Theorem still true if $X$ is not complete

Question

Consider the following theorem:

Let $S$ be a non-empty set and let $\{0\} \neq X$ be a vector space of bounded functions on $S$, with the condition that $S$ is a Banach space when $X$ is supplied with the supremum-norm. Suppose $f : S → \mathbb{F}$ is a function such that $fg \in X$ for all $g \in X$. Then the multiplication operator $M_f : X → X$, defined by $M_f (g) = fg$ $(g ∈ X)$, is bounded.

I want to know,

• Is $f$ necessarily bounded?
• Is this theorem still true if $X$ is not complete.

Any insights are much appreciated.

Answer 1

• No.

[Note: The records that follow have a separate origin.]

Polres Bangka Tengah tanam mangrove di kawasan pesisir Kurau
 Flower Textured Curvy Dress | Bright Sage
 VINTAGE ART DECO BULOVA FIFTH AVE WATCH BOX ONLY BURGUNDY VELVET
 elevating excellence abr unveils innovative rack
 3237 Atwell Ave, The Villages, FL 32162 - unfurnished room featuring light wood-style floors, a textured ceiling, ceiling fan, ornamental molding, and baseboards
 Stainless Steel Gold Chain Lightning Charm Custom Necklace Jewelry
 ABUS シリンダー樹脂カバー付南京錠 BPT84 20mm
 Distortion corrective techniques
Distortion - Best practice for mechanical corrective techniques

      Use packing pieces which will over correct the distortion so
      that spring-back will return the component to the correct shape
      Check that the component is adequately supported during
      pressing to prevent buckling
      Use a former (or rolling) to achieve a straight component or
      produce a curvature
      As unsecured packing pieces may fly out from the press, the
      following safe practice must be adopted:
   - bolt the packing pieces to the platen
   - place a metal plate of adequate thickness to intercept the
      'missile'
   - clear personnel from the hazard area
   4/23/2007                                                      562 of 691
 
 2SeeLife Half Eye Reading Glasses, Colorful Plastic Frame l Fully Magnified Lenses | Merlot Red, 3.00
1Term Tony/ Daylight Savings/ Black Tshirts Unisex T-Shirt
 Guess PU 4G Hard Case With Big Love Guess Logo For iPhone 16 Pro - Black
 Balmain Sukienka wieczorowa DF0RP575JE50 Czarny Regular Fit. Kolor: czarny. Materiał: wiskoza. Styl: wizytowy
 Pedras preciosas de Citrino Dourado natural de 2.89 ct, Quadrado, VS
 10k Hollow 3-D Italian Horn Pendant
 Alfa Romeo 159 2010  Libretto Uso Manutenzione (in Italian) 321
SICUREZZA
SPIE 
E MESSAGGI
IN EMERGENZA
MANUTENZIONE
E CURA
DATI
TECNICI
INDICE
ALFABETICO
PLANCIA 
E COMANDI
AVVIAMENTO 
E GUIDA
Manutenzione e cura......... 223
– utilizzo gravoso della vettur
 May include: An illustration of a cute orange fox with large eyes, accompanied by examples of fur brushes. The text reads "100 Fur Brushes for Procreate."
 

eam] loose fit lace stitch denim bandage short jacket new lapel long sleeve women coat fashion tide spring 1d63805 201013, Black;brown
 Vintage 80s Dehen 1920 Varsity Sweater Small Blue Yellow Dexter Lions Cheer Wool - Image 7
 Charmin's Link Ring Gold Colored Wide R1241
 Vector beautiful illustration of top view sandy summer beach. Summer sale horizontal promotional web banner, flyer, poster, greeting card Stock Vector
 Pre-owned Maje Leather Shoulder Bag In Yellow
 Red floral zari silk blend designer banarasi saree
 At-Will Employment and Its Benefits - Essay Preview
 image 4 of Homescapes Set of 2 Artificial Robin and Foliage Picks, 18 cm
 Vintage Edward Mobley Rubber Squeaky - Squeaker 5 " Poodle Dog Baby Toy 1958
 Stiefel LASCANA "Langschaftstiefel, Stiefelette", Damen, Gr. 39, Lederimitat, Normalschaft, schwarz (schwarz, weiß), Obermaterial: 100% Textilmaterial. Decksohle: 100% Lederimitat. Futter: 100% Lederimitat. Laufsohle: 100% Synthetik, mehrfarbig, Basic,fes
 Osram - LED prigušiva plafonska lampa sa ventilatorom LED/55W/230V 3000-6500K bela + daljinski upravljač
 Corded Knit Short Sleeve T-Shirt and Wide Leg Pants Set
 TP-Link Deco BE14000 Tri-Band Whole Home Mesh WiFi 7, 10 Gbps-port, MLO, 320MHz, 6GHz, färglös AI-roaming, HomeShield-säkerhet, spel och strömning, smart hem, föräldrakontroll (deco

Otherwise the theorem would be trivial ($\|M_f\|\leqslant\sup|f|$).
• No. Take $S=[0,+\infty)$,$$X=\{g\colon S\longrightarrow\mathbb{R}\,|\,g(x)=0\text{ if }x\gg0\},$$and $f(x)=x$. Then $g\in X\implies fg\in X$. However, $M_f$ is unbounded. Just take, for each $n\in\mathbb N$, $g_n=\chi_{[0,n]}$. Then $(\forall n\in\mathbb{N}):\|g_n\|_\infty=1$, but $\bigl\|M_f(g_n)\bigr\|=n$.